Jugaré
a ser Dios, pero no en eso de estar creando mundos, hacer florecer la vida o
hacerle mantenimiento al universo. No. Eso sería mucho para ponerse en eso. Mejor
es ponerse a juzgar, a condenar… eso sí que es más fácil. Es más fácil dar el
último empujón a quién por voluntad o fingiendo no tenerla, se ha colocado al
borde del barranco. Es más fácil meter toda la vida de alguien, masticarla con
infamia y escupirla con morbo hacia el basurero de la ligereza… esa, que tanto nos
emociona usar. Pienso en armar un catálogo propio, bien acomodadito, brillante,
de los niveles de moral que la gente practica y, ¿por qué no?, asignar el
castigo al que se hacen susceptibles de recibir la gentecita que anda
quitándole la tranquilidad a los vecindarios, a las familias, a mí, por
supuesto. Apuntaré con este dedo, este que ya tiene experiencia en el oficio de
señalar al culpable, lo comentaré con mis círculos sociales y, tal vez, hasta
gozaré recitarlo al propio condenado.

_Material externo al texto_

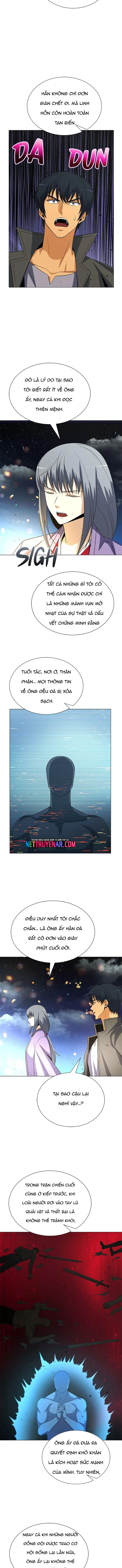 Thợ Săn Ăn Thịt Người - Chapter 112 - Page 10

Algo que se me vino la mente en una
revelación hace poco y que servirá para acometer esta nueva y encomiable tarea,
es hacer que todos ignoren, inventen o al menos callen la historia, el relato
de vida de quien nos ocupe. Hay que eliminar la posibilidad de que, siquiera,
existan pistas que indiquen que las infracciones fueron cometidas de buena fe, con
distracción o sin contar con las herramientas que la misma sociedad debe
proveer por medio de sus instituciones, por medio de su amor. Eso hay que
borrarlo del mapa y reescribir la historia del malo definitivo, del
irresponsable cabal, absoluto. Si no logramos esto último, habremos fallado y
todos creerán que todo tiene una buena razón para ocurrir; que hasta el más
terrible de los crímenes tiene una razón de ser cobijada por la hipocresía y el
olvido voluntario de quienes tenemos la tarea de construir una mejor sociedad.